We built a map like this at reddit a long time ago. The methodology was pretty straightforward -- we looked at subreddits that had the same links submitted and upvoted. We used the map to power the "similar subreddits" feature. Unfortunately it suffered from a lot of spam and things like getting linked to very NSFW subreddits, and we didn't have the manpower to fix it or curate it, so the feature died.
But the link-relationship methodology is interesting (similar to something like PageRank through backlinks).
But it's not the methodology I'd have initially gravitated towards.
My first instinct would be relations based on subscription overlap. This seems like it should group commonalities based on the user interests. This may also have alleviated some of the SPAM issues.
Though it would have been interesting to see both approaches merged together.

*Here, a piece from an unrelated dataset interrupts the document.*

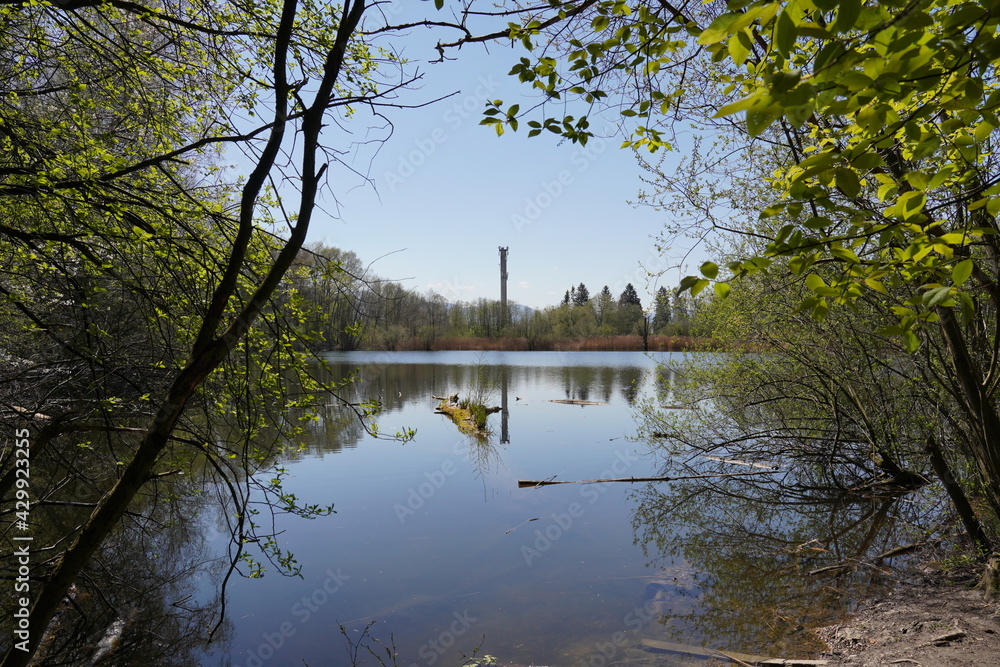 Fototapeta premium Am Tonwerkweiher in Kolbermoor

That would not produce anything close to this. Is the goal to find similar subreddits, or find other non-similar subreddits the person may like? The map by OP is grouped by categories, which is quite a bit different than just interest. Even for recommendation system, I don't think it quite works here due to how extremely wide reddit is. Something like Steam or Spotify can use it, but reddit has everything from porn to cities to games. Just because I love Portal and I'm from Vancouver doesn't mean someone else who likes Portal will care about Vancouver, or vice versa.
Yes, but the majority of /r/Steam users are not subscribed to /r/Vancouver (or whatever the Vancouver subreddit is). I'd wager a guess there is a much more significant overlap with related subreddits such as /r/pcgaming.
I think this is how Last.fm works (and it works quite well!)
The weirdness in disparate interests is smoothed out by having a large sample size.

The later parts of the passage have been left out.